There’s an extra €1.15 billion in funding for new measures at the Department of Social Protection, but the allocations fall short of the Minister Dara Calleary’s well-publicised goals – most notably on core weekly welfare rates. He had sought a €12 increase but the allocation of €10 was all that could be squeezed out of the Department of Public Expenditure. Senior Government figures say it was even lower heading into last night’s pivotal meeting of Coalition leaders, when Taoiseach Micheál Martin argued to bring it up from €9 to €10. There is incremental progress on big Programme for Government commitments such as the carer’s allowance income disregard, while weekly rates of child support payments and the fuel allowance will go up. But while it’s a lot of money, it is spread thin.
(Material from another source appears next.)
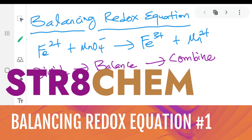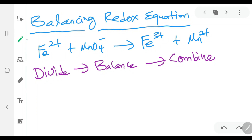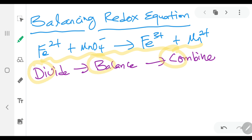Hello, today I'm going to show you how to balance a redox equation. To balance a redox equation, for example like the one you are seeing on the screen right here, we can use a technique called 'Divide, Balance, and Combine' or the DBC technique. This is a step-by-step technique. Usually students are afraid because they think it's very difficult, but this technique should help you understand how to balance it in a very easy way.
Expect interest groups to make this point forcefully.

Households to feel the chill

The welfare package and measures to help on energy costs will, inevitably, be compared to previous years, when there were bonanza interventions through supports that insulated households from the worst of the cost-of-living crisis. It was nearly impossible to stand over these giveaways in the face of trenchant criticism from just about every economist in the State. But that doesn’t make their removal any more politically palatable. It’s not as if the spending has completely stopped; the extension of the lower VAT rate on utility bills, coming in at a full-year cost of €254 million, is an expensive measure – but the experience of many households this winter will be more difficult than recent years.

VAT rules the roost

Add up all the three VAT changes – apartment sales, hospitality and utility bills – and you get a massive €736 million cost for 2026 alone (in a full year, it rises to more than €1.3 billion). Throw in the 2026 cost of the rent tax credit and it rises to more than €1 billion.

The tax package, originally supposed to be worth €1.5 billion, was raided to the tune of €200 million siphoned to pay for more targeted spending interventions for the most vulnerable. So the tax package was reduced to €1.3 billion. Once these big measures are paid for, there was just €300 million for other tax measures, of which the research and development tax credit accounted for €170 million. It’s not hard to see how there was no room for income tax cuts, but that won’t lessen the intensity of the attacks on the Government over a budget that won’t do much to relieve pressure on the squeezed middle.